How about Jeffrey Sterling?

... Between 2002 and 2004 the U.S. federal government intercepted several interstate emails to and from Sterling, which were &quot ...) routed through a server located in the Eastern District of Virginia (...)". The authorities also traced telephone calls between Sterling and - according to a senior government official - the journalist and book author James Risen. In the intercepted communications Sterling allegedly revealed national defense information to an unauthorized person ...
http://en.wikipedia.org/wiki/Jeffrey_Alexander_Sterling


So there's another investigation that began before Obama ever took office.

It's actually fine with me if Greenwald disagrees with the prosecutions; I might well disagree with some of them myself, especially since I've never been a fan of such Reagan-era innovations as the Intelligence Identities Protection Act.
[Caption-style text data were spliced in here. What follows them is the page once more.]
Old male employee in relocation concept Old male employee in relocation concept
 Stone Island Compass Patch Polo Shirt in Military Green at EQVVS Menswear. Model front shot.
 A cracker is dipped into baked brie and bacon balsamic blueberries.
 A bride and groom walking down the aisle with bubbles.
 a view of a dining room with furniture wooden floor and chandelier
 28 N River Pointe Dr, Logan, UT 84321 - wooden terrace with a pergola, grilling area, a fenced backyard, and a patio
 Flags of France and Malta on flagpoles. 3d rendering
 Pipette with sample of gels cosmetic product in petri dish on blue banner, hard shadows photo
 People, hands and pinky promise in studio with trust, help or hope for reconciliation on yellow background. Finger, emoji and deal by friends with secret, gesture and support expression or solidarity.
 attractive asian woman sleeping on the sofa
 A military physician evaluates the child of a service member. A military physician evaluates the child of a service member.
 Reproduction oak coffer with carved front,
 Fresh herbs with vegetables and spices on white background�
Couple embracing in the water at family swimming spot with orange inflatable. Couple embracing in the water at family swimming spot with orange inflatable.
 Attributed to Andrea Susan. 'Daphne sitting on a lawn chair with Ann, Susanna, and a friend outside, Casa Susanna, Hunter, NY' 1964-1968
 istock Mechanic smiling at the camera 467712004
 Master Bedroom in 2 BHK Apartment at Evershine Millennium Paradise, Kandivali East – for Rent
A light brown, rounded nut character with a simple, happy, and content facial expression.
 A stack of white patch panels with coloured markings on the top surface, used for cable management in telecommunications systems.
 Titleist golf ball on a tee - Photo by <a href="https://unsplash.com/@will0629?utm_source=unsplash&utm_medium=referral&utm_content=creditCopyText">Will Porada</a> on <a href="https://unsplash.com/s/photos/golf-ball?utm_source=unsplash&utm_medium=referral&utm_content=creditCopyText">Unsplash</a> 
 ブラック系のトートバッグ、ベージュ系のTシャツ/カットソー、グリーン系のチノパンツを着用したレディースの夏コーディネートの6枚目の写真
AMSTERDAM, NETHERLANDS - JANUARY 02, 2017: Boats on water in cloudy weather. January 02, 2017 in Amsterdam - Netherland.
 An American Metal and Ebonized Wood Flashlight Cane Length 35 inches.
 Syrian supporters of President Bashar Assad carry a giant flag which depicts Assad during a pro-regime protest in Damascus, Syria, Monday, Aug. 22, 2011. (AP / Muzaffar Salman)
But, as usual, Greenwald's discussion is nauseatingly dishonest and (what is perhaps worse) entirely uninformative: one learns nothing about the dynamics of power from Greenwald and so gains no insights into how we might fight back -- unsurprising, since Greenwald is a libertarian ideologue who does essentially no independent research and hence really cannot be expected to inform us








Luminous Animal

(27,310 posts)
30. Hehehe! Nice how you pretend that Greenwald is asserting "investigation" when he clearly
Wed May 23, 2012, 09:42 PM
May 2012

states "prosecution" and specifically prosecution using the Espionage Act.

And one of the tools of fighting back is, you know, knowledge.

struggle4progress

(118,041 posts)
32. The Department of Justice (based on the figures in the United States Attorneys’ Annual Statistical
Wed May 23, 2012, 10:18 PM
May 2012

Report for the fiscal year 2010) considers over 150K cases each year, involving nearly 200K potential defendants, and (from these) begins to prosecute about one case every two minutes, during every working day through the year

To my view, Greenwald is simply bat-shit crazy if he imagines this to be a centralized process: it is institutionally impossible, based on the numbers, for the process to be centralized. US Attorneys are given wide discretion about what they prosecute

About a million potential defendants have come to the attention of the Department of Justice, for example, since the investigation of Drake began. That Drake's case did not simply sink below the horizon, under the onslaught of newer matters, indicates that someone with discretion regarded the case as worth pursuing. That "someone with discretion" is likely to be a career DoJ employee, and in Drake's case it is probably Welch, who has been there at least since the Bush-II era

Greenwald is a little bullshit noise-maker: his noise doesn't inform us

Luminous Animal

(27,310 posts)
43. So explain it to me carefully. Bush Admin investigates. Obama Admin prosecutes...
Thu May 24, 2012, 12:54 AM
May 2012

under the Espionage Act. Am I wrong?

Mr.Turnip

(645 posts)
40. Greenwald has good points sometimes but this is just stupid, really really stupid.
Thu May 24, 2012, 12:38 AM
May 2012

I mean O MY GOD The President likes media that portrays him positively WHAT A SHOCK!

And the Administration is sharing facts about events it was involved in with filmmakers looking to make films on said events WHAT AN EVIL ACT!